→ WHAT TO DO
A word-for-word copy of the listing is required, and it must contain no pictures.

→ DATA SHOWN

-- -- --

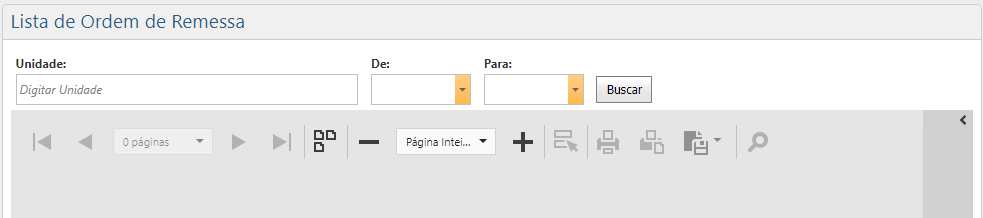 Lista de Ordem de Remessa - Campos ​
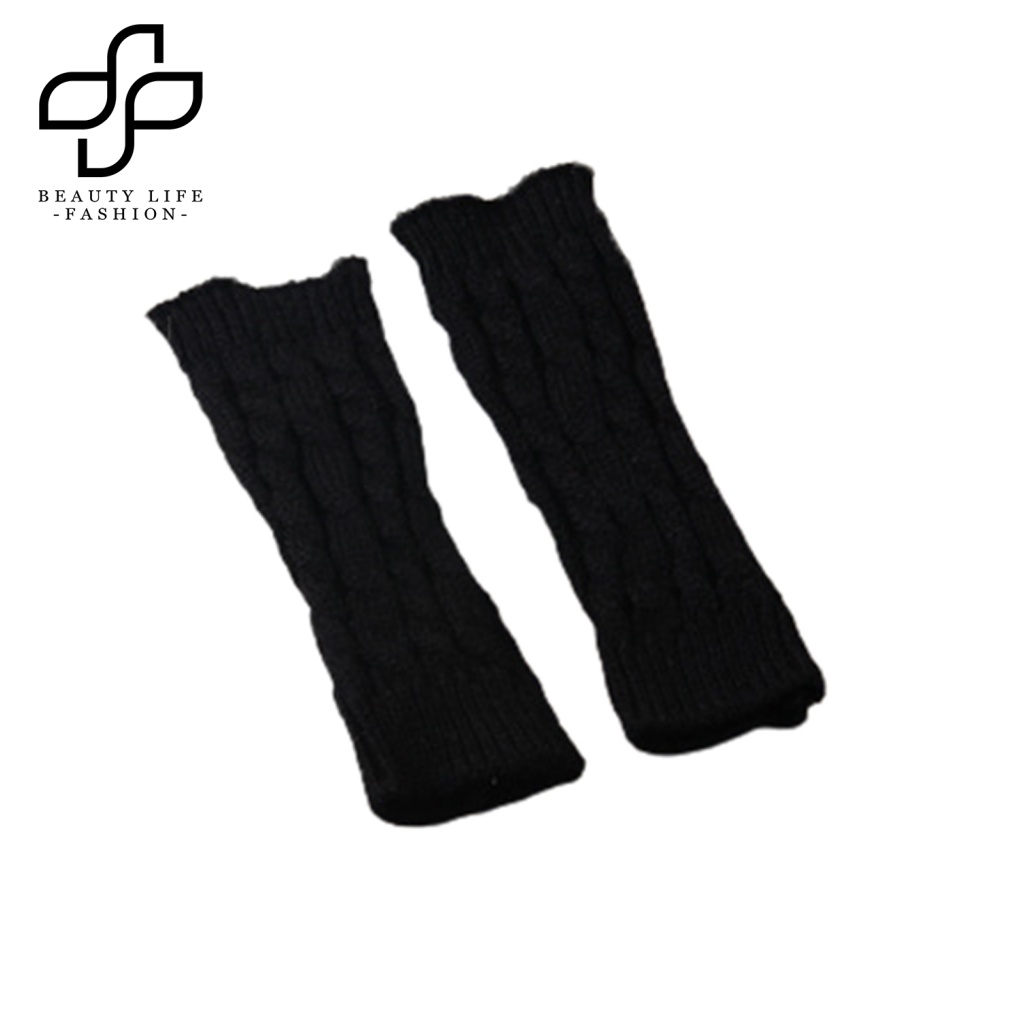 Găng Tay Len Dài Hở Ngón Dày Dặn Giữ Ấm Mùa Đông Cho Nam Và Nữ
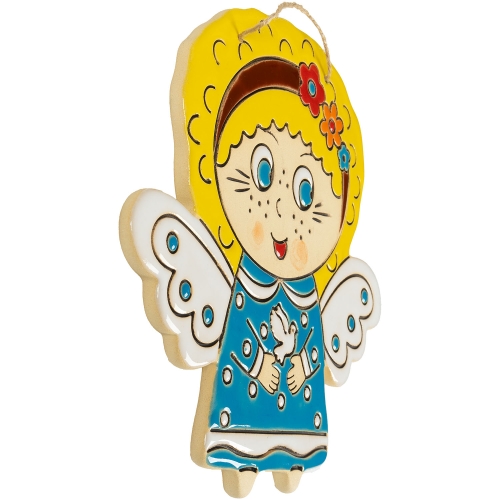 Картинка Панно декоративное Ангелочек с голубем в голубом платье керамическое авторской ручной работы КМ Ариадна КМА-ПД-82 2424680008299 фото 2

-- -- --

→ OUTPUT FOR THIS TASK
 Lista de Ordem de Remessa - Campos ​
 Găng Tay Len Dài Hở Ngón Dày Dặn Giữ Ấm Mùa Đông Cho Nam Và Nữ
 Картинка Панно декоративное Ангелочек с голубем в голубом платье керамическое авторской ручной работы КМ Ариадна КМА-ПД-82 2424680008299 фото 2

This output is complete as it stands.